DIRECTIONS -
Pictures must not appear in the copy. Restate exactly the lines below from the one with "Pressed Flowers in" through the one with "Накладной светильник 20-55G", inclusive.

─── GIVEN ENTRIES

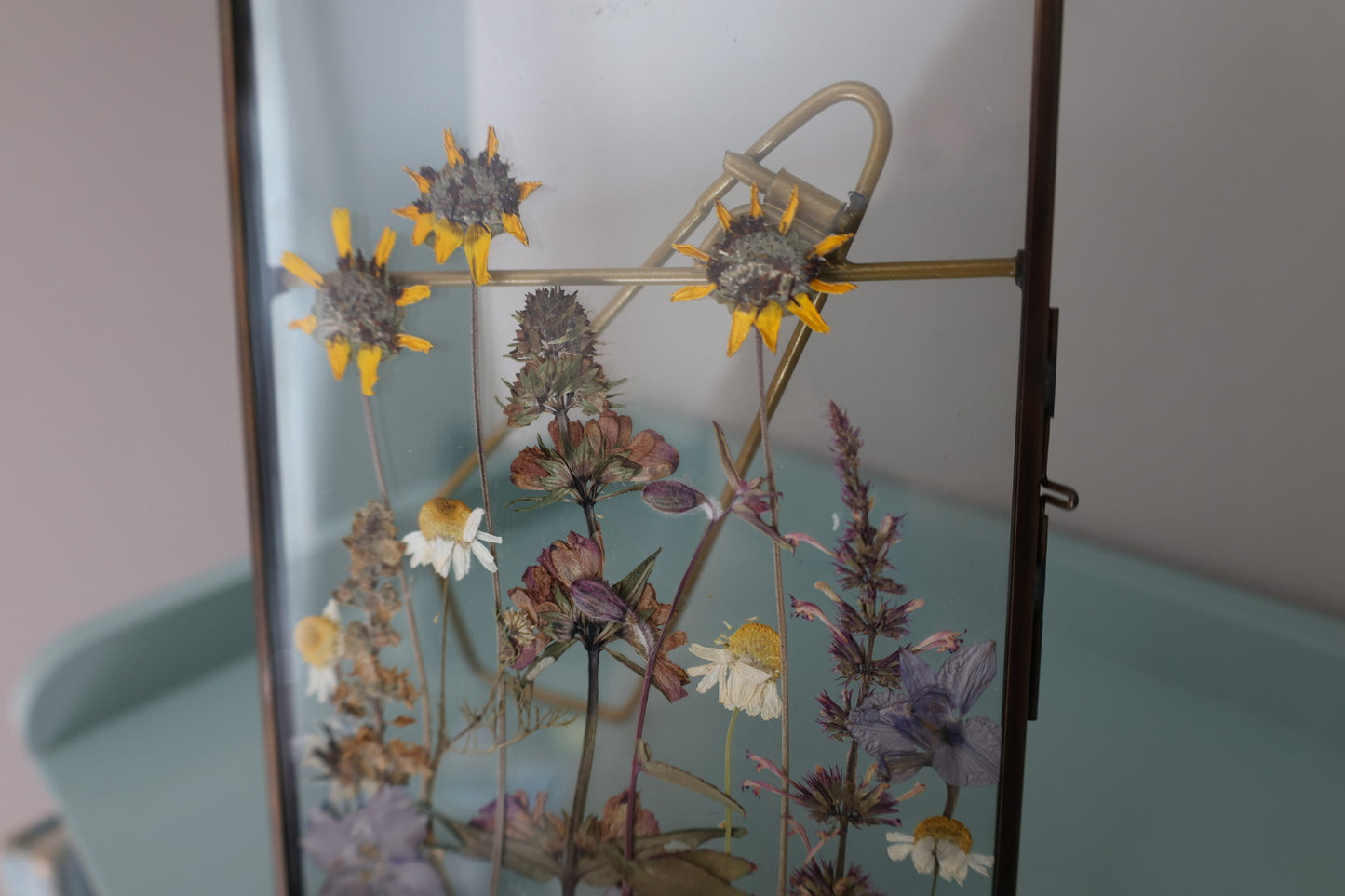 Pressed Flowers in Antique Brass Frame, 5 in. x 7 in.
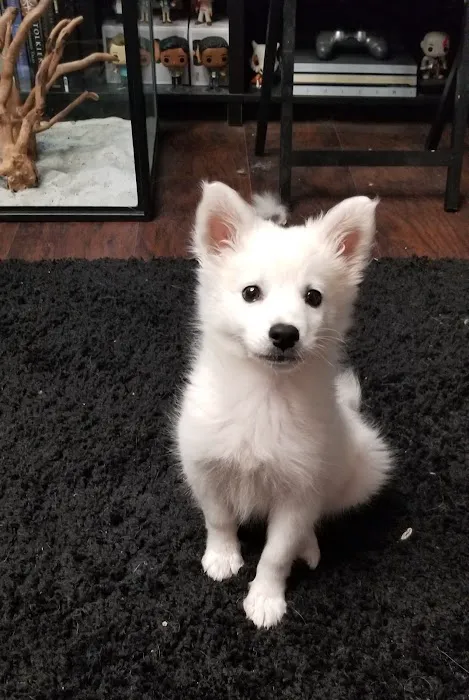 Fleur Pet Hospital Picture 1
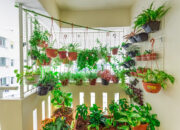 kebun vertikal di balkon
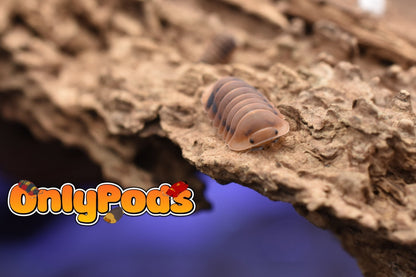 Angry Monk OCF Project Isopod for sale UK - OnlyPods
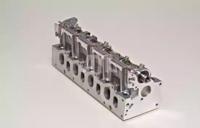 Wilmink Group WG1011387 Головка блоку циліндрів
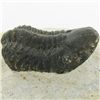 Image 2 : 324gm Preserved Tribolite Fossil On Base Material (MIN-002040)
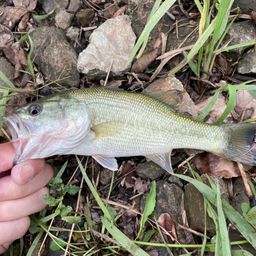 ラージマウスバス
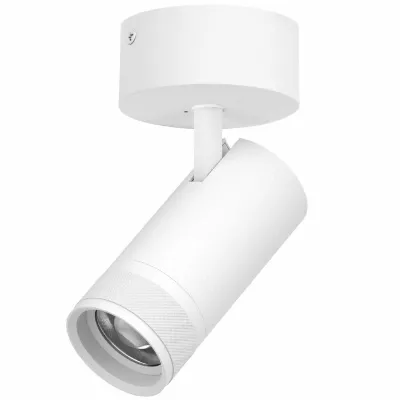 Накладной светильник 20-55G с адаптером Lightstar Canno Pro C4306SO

──────
─── GIVEN ENTRIES

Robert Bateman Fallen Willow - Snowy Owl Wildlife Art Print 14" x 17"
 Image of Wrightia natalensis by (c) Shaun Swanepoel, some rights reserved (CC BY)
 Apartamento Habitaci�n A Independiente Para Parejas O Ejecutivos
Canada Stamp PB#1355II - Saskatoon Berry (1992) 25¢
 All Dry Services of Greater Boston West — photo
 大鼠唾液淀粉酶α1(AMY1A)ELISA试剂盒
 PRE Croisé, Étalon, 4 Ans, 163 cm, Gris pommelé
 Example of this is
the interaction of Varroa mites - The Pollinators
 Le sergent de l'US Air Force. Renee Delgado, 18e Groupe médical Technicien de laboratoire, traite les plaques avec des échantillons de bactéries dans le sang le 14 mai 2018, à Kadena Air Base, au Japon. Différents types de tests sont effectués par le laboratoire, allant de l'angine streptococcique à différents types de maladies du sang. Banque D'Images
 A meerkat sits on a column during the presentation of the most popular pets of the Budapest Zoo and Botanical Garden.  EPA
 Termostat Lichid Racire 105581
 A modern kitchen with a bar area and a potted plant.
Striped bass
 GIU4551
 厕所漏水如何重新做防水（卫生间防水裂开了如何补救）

──────
─── GIVEN ENTRIES

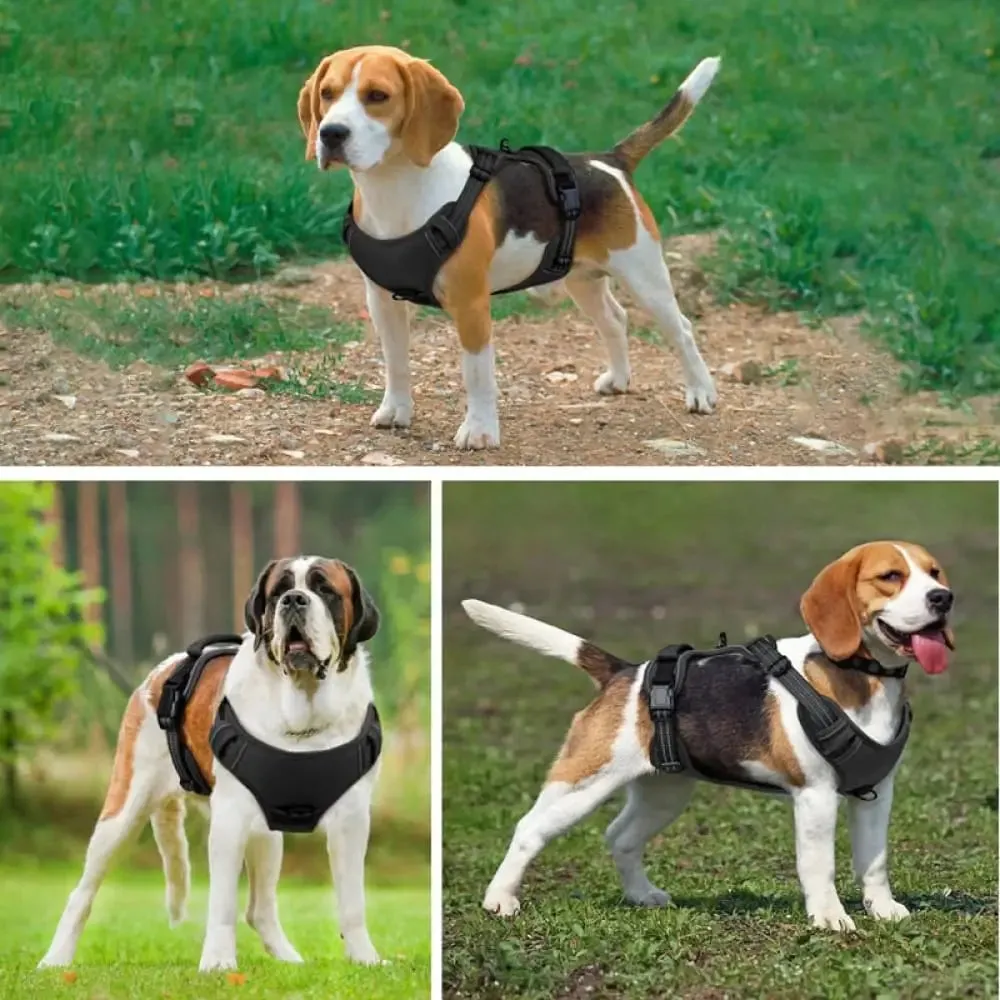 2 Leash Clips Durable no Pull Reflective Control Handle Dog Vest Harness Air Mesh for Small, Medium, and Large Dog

──────

THE COMPLETED TASK -
 Pressed Flowers in Antique Brass Frame, 5 in. x 7 in.
 Fleur Pet Hospital Picture 1
 kebun vertikal di balkon
 Angry Monk OCF Project Isopod for sale UK - OnlyPods
 Wilmink Group WG1011387 Головка блоку циліндрів
 Image 2 : 324gm Preserved Tribolite Fossil On Base Material (MIN-002040)
 ラージマウスバス
 Накладной светильник 20-55G с адаптером Lightstar Canno Pro C4306SO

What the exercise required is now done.